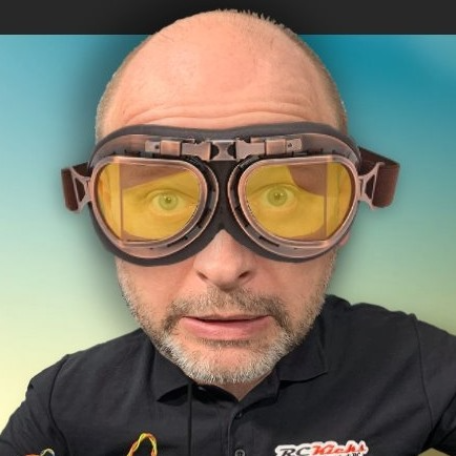 Gavin Evans (RC YouTuber) (@r6ux4-rckicks) profile image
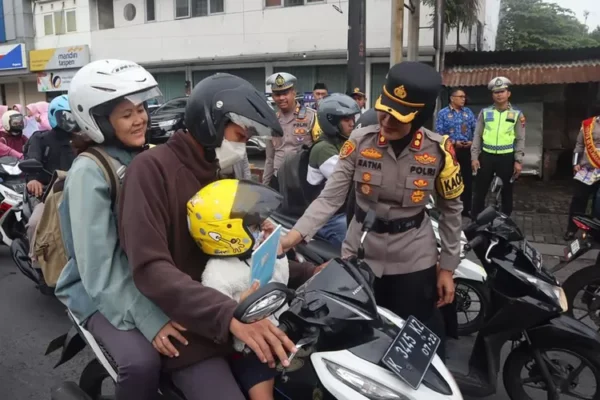 Cegah Kemacetan, Truk Dilarang Masuk Ungaran Pagi Hari, Kapolres Ingatkan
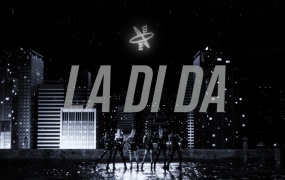 EVERGLOW - LA DI DA(web-2016p-439M)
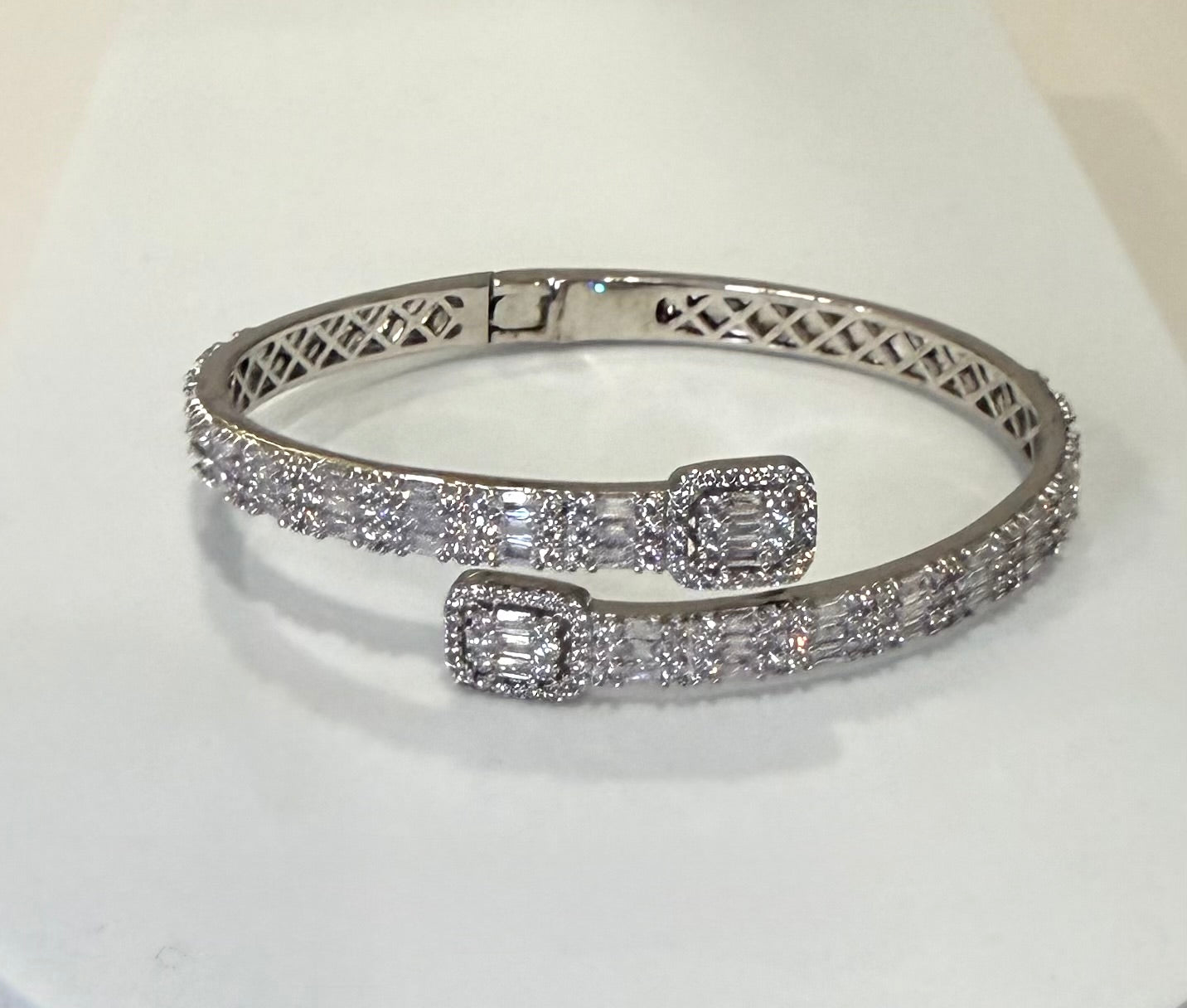 Aderlyn bangle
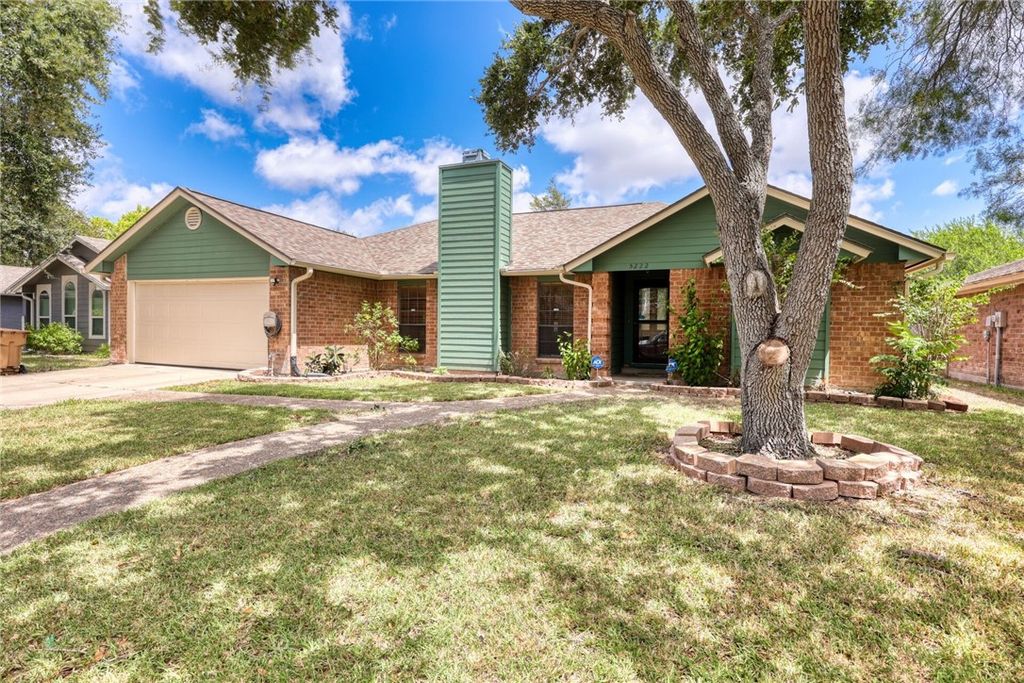 5222 Edinburg Cir, Corpus Christi, TX 78413 — photo 2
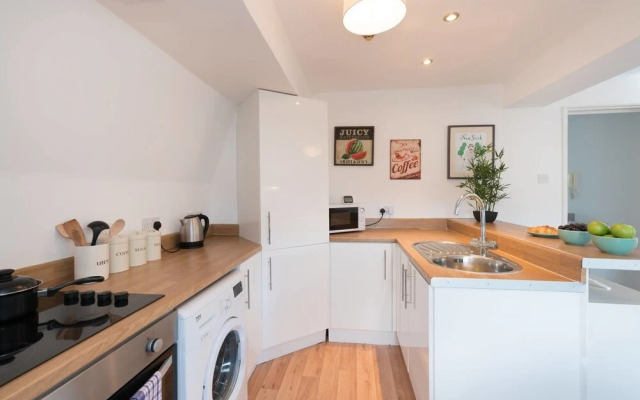 Homely Attic Apt in Central Bristol Sleeps 6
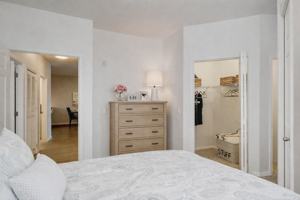 featured image of 11012 Portland Ave E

━━━━━━━━

• _Requirement_:
Apart from the images, reproduce the listing exactly as it appears.

• _Response for this exercise_:
 Gavin Evans (RC YouTuber) (@r6ux4-rckicks) profile image
 Cegah Kemacetan, Truk Dilarang Masuk Ungaran Pagi Hari, Kapolres Ingatkan
 EVERGLOW - LA DI DA(web-2016p-439M)
 Aderlyn bangle
 5222 Edinburg Cir, Corpus Christi, TX 78413 — photo 2
 Homely Attic Apt in Central Bristol Sleeps 6
 featured image of 11012 Portland Ave E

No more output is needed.